REQUIRED ACTION:
Exact copies of the lines from the one with "Flowflex COVID-19 Antigen Home Test" through the last line of the entries, and no pictures, make up the answer.
········
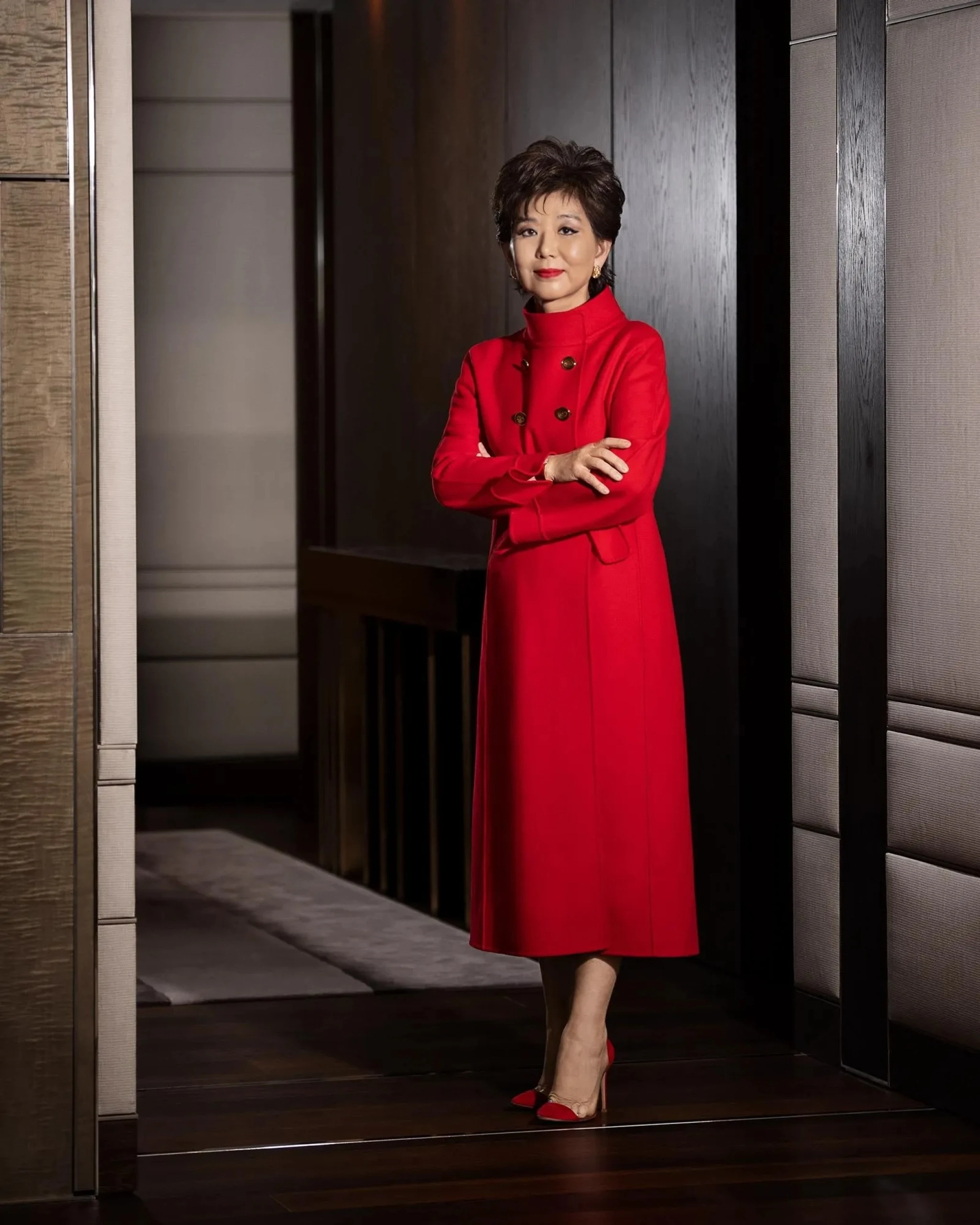 Na snímke Michele Kang.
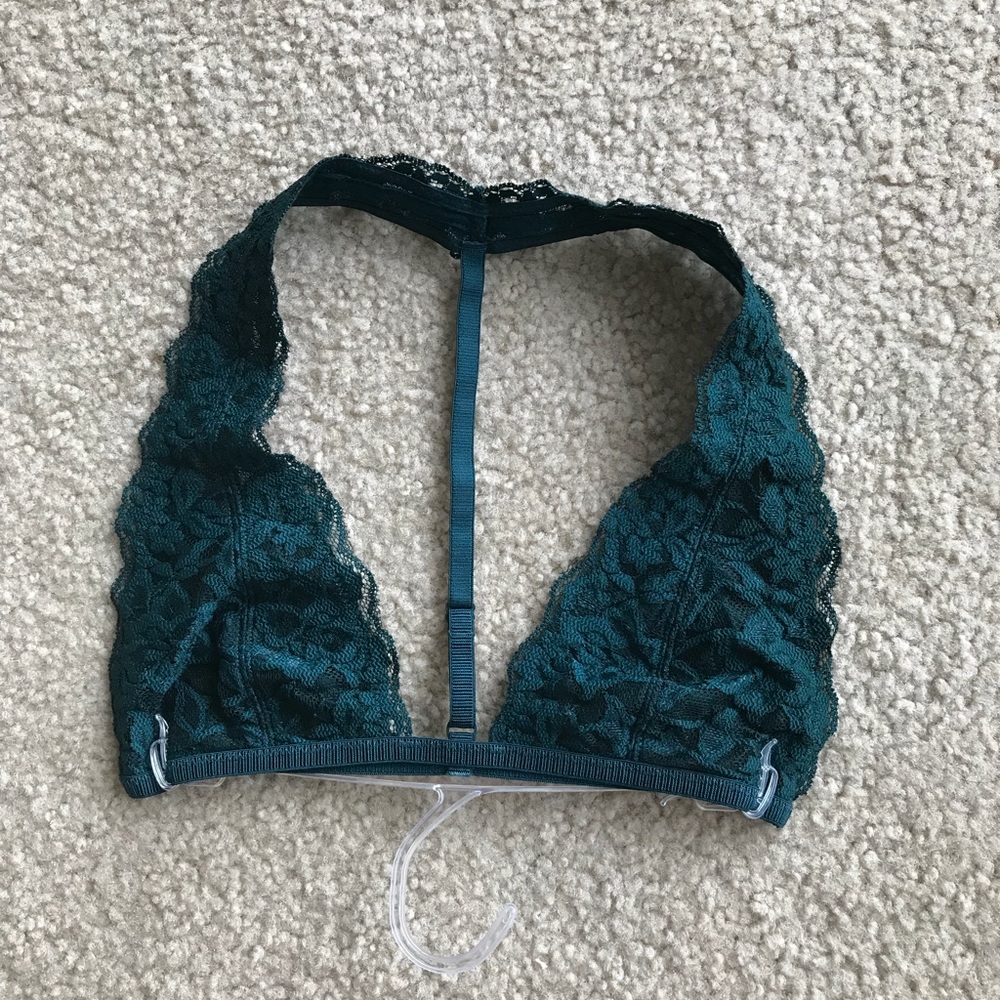 Free People Lace halter Bralette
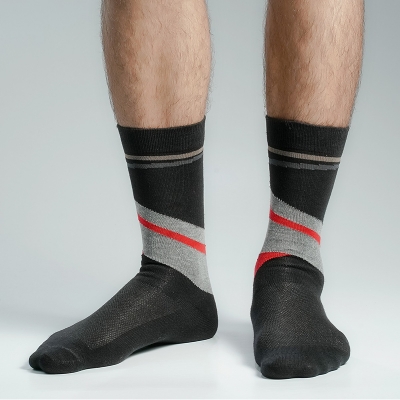 Picture of Premium Long Socks For Men  (Black)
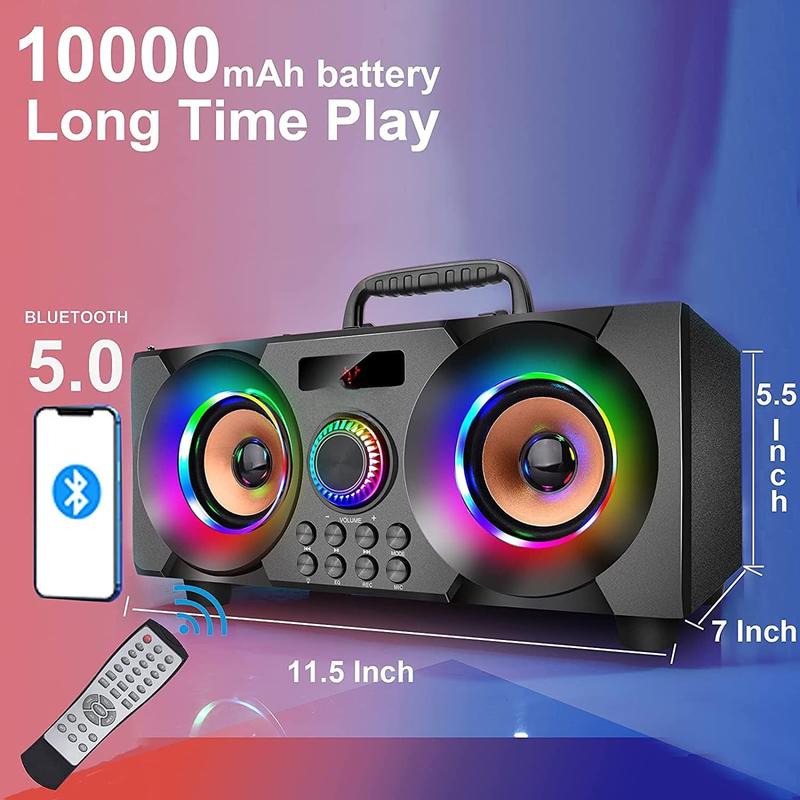 60w shops portable bluetooth speaker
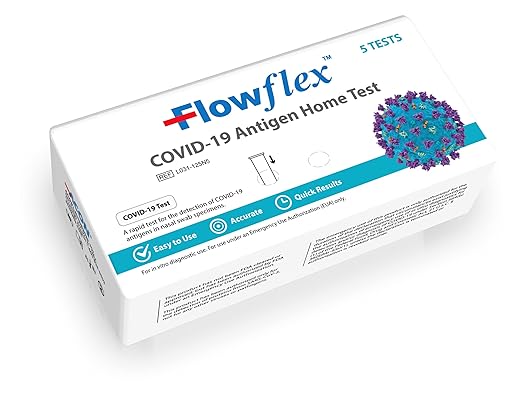 Flowflex COVID-19 Antigen Home Test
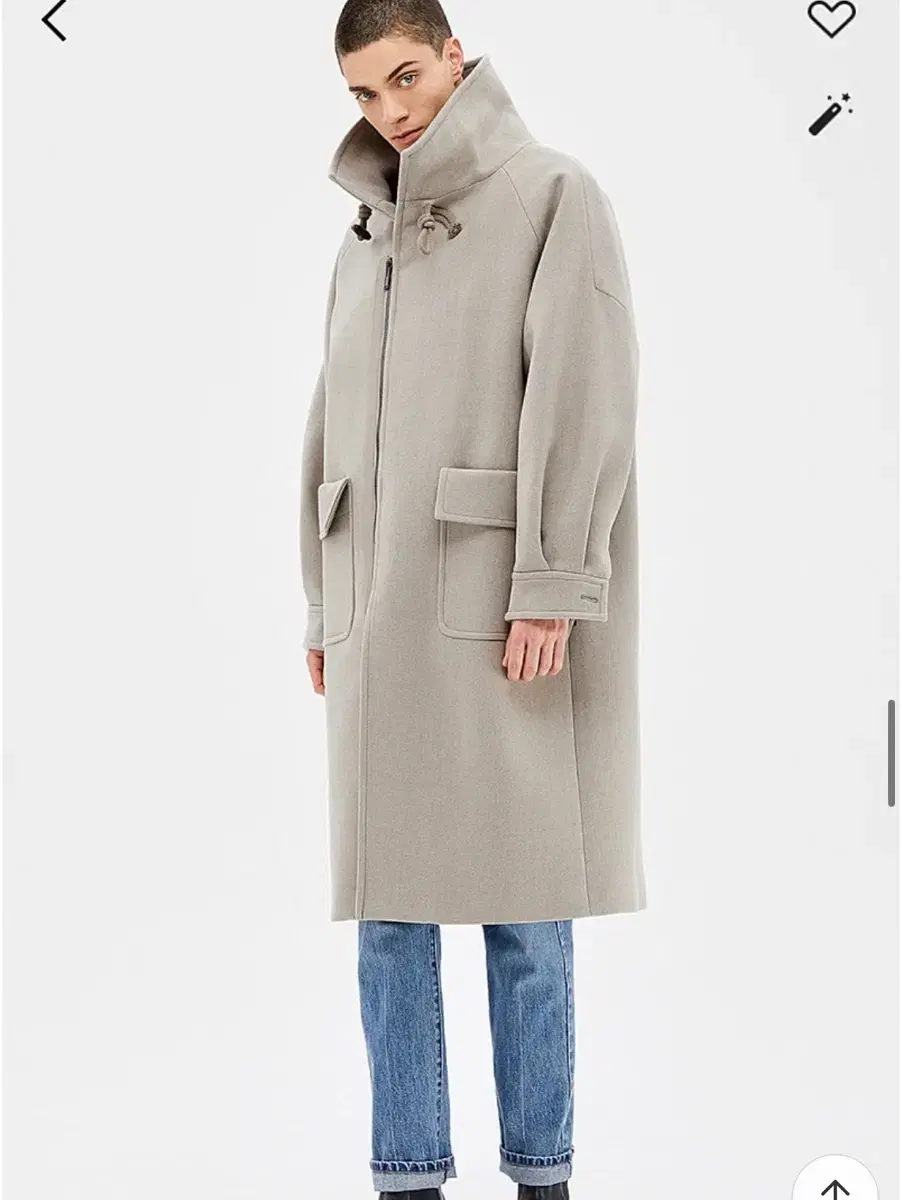 System homme coat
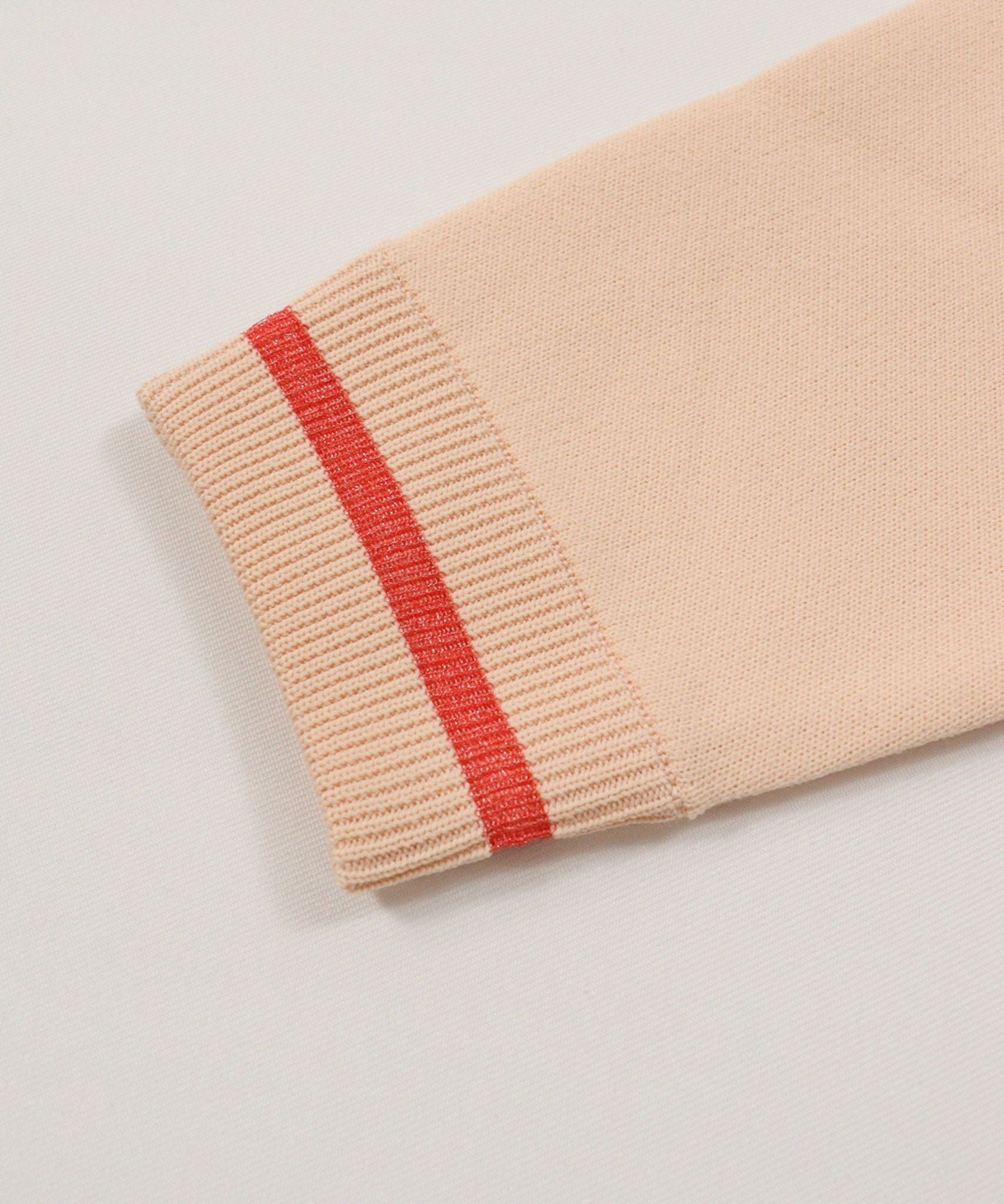 袖口(ライトオレンジ)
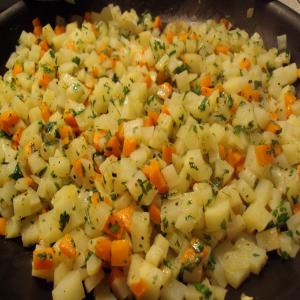 Parsley Potato Carrot Hash_image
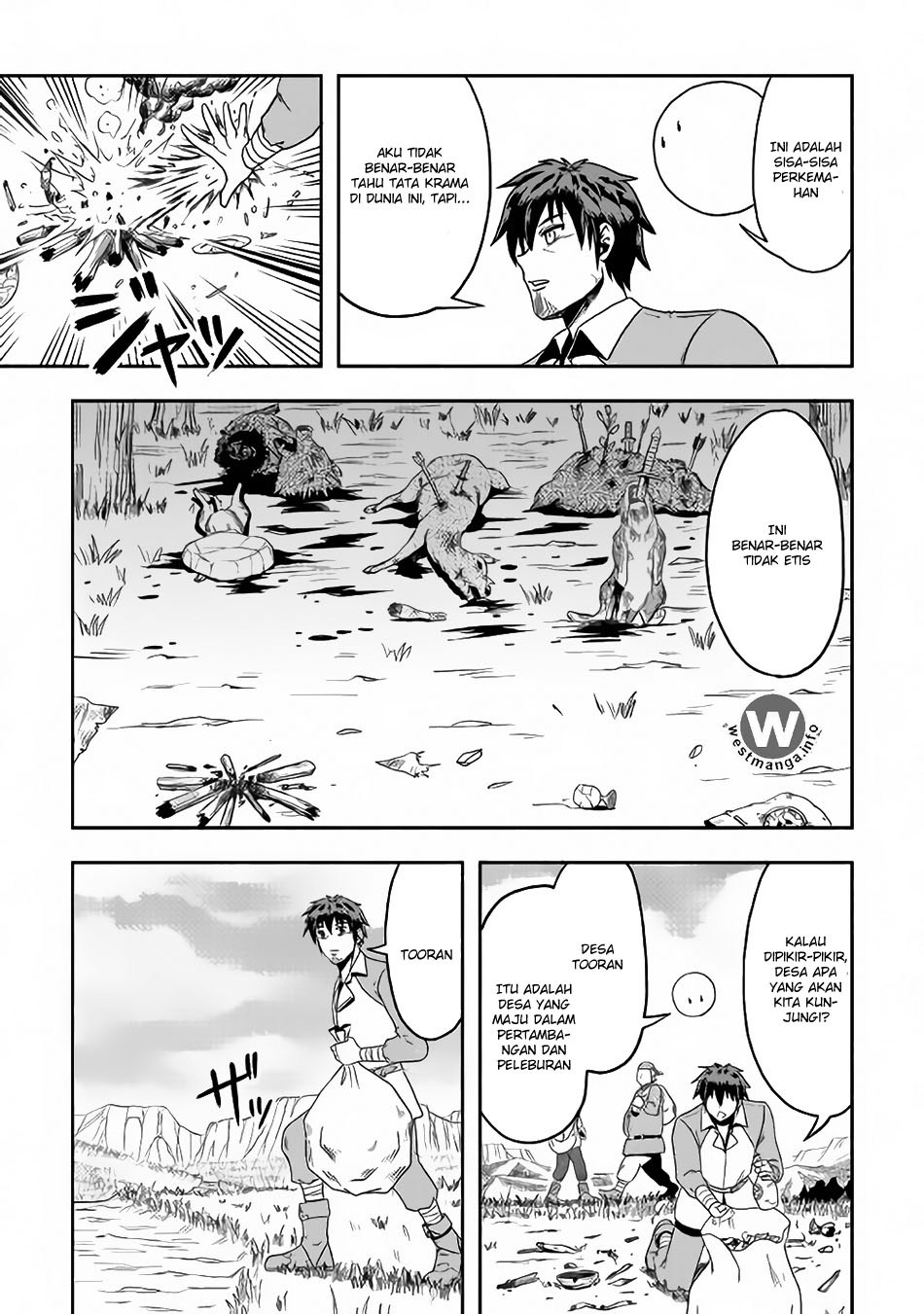 Isekai ni Tobasareta Ossan wa Doko e Iku? Chapter 5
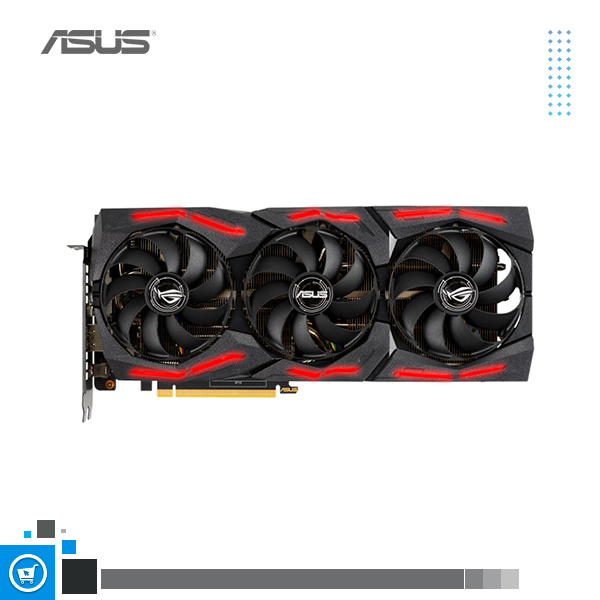 VIDEO ASUS GEFORCE ROG STRIX RTX 2060 OC 6G EVO V2 6GB GDDR6 CUDA 1920  192-BIT HDMI/DP ROG-STRIX-RTX2060-O6G-EVO-V2-GAMING | AMSA DIGITAL STORE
········
RESULT OF THIS EXERCISE:
 Flowflex COVID-19 Antigen Home Test
 System homme coat
 袖口(ライトオレンジ)
 Parsley Potato Carrot Hash_image
 Isekai ni Tobasareta Ossan wa Doko e Iku? Chapter 5
 VIDEO ASUS GEFORCE ROG STRIX RTX 2060 OC 6G EVO V2 6GB GDDR6 CUDA 1920  192-BIT HDMI/DP ROG-STRIX-RTX2060-O6G-EVO-V2-GAMING | AMSA DIGITAL STORE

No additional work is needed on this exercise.